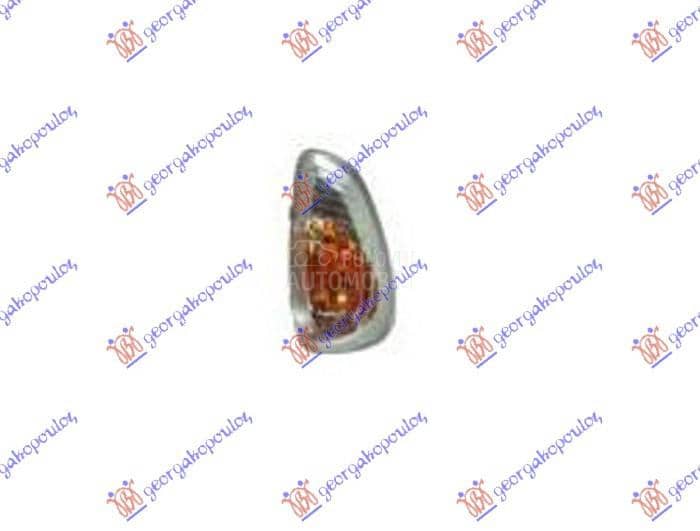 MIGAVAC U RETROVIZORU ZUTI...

* * *

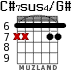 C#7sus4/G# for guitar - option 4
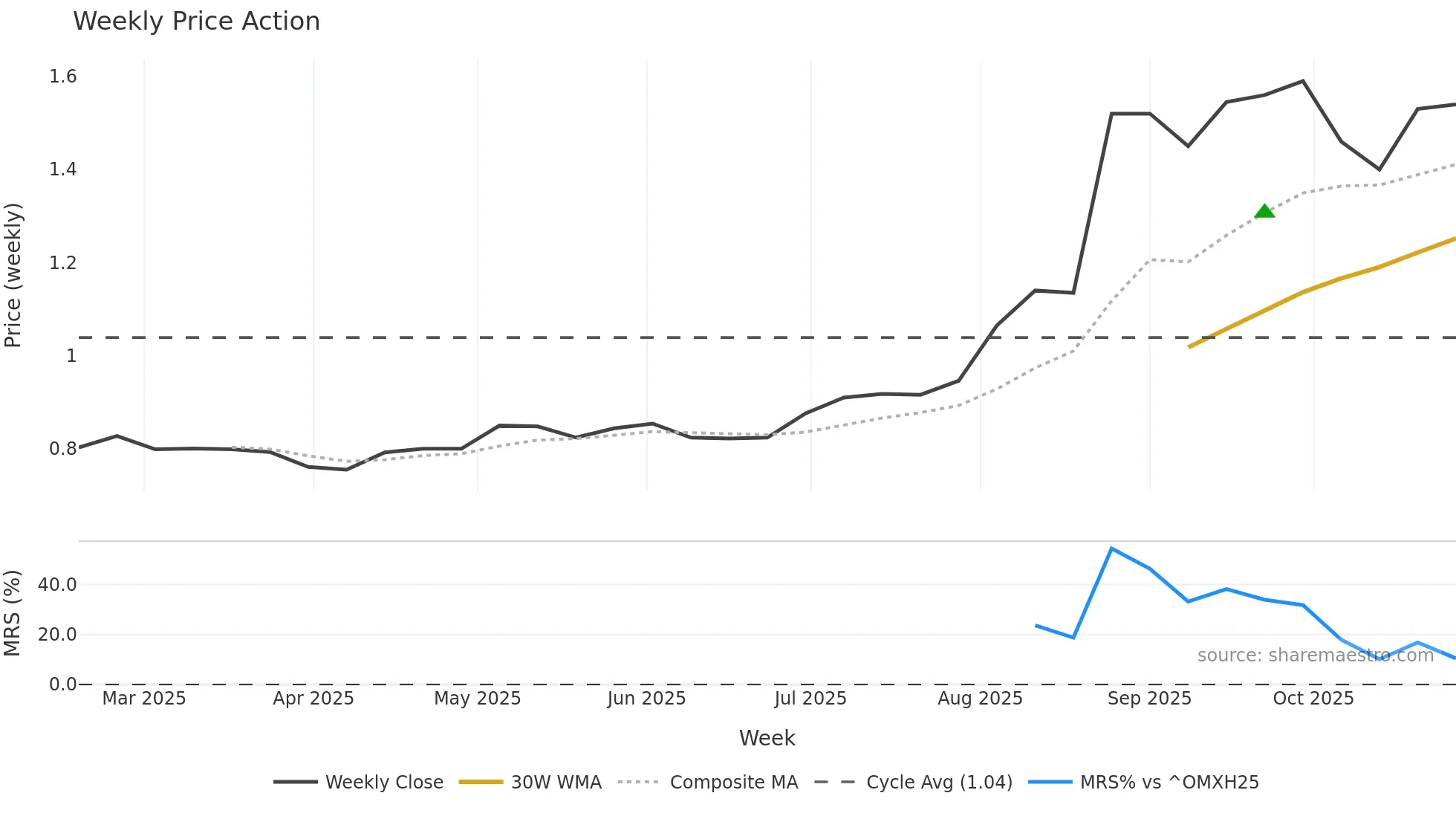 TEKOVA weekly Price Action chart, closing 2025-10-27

--

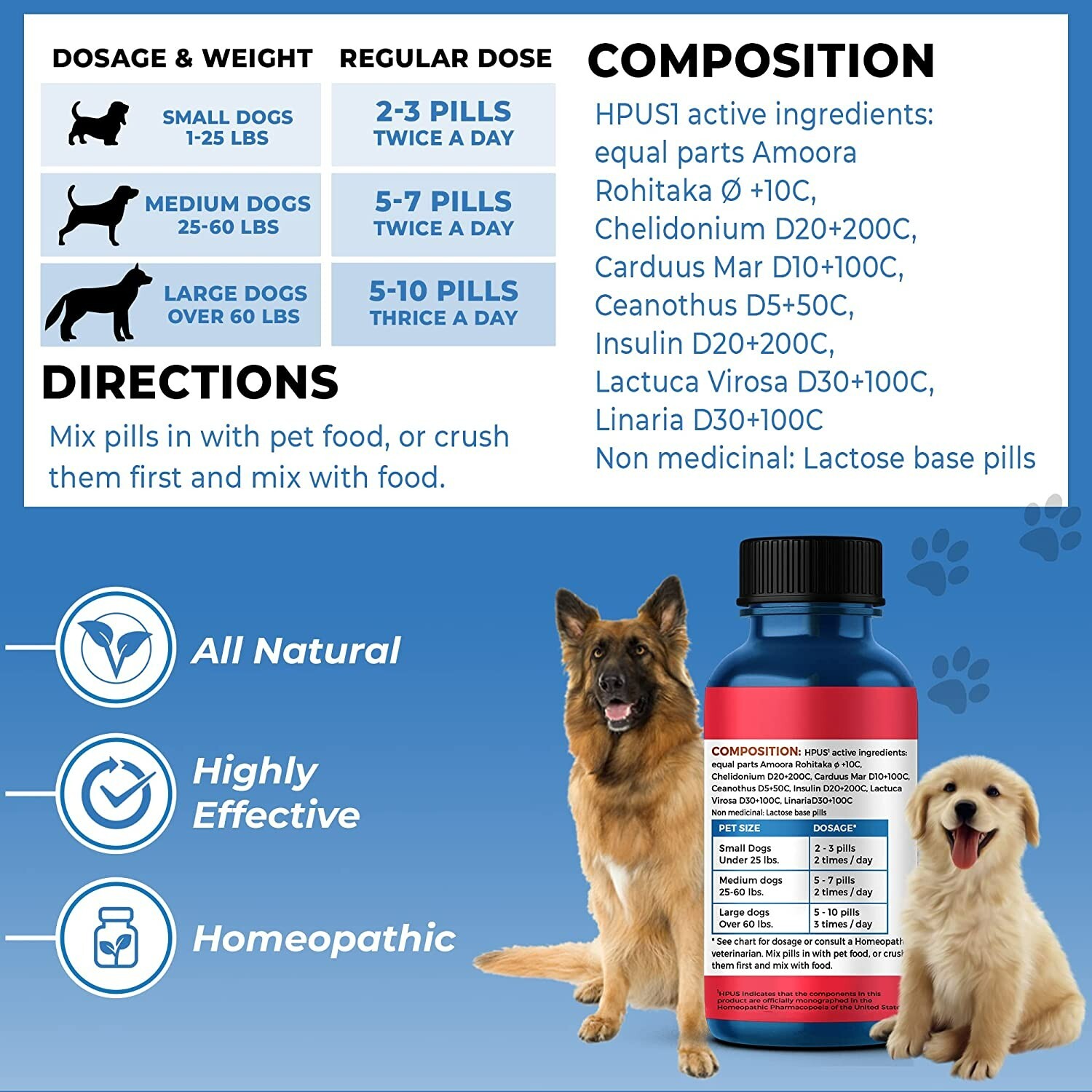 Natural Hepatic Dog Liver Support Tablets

## Task description
When you reach the line with "C#7sus4/G# for guitar - option 4" in the records above, begin repeating the lines exactly, and stop after the line with "TEKOVA weekly Price". Skip all pictures.

## Exercise output
 C#7sus4/G# for guitar - option 4
 TEKOVA weekly Price Action chart, closing 2025-10-27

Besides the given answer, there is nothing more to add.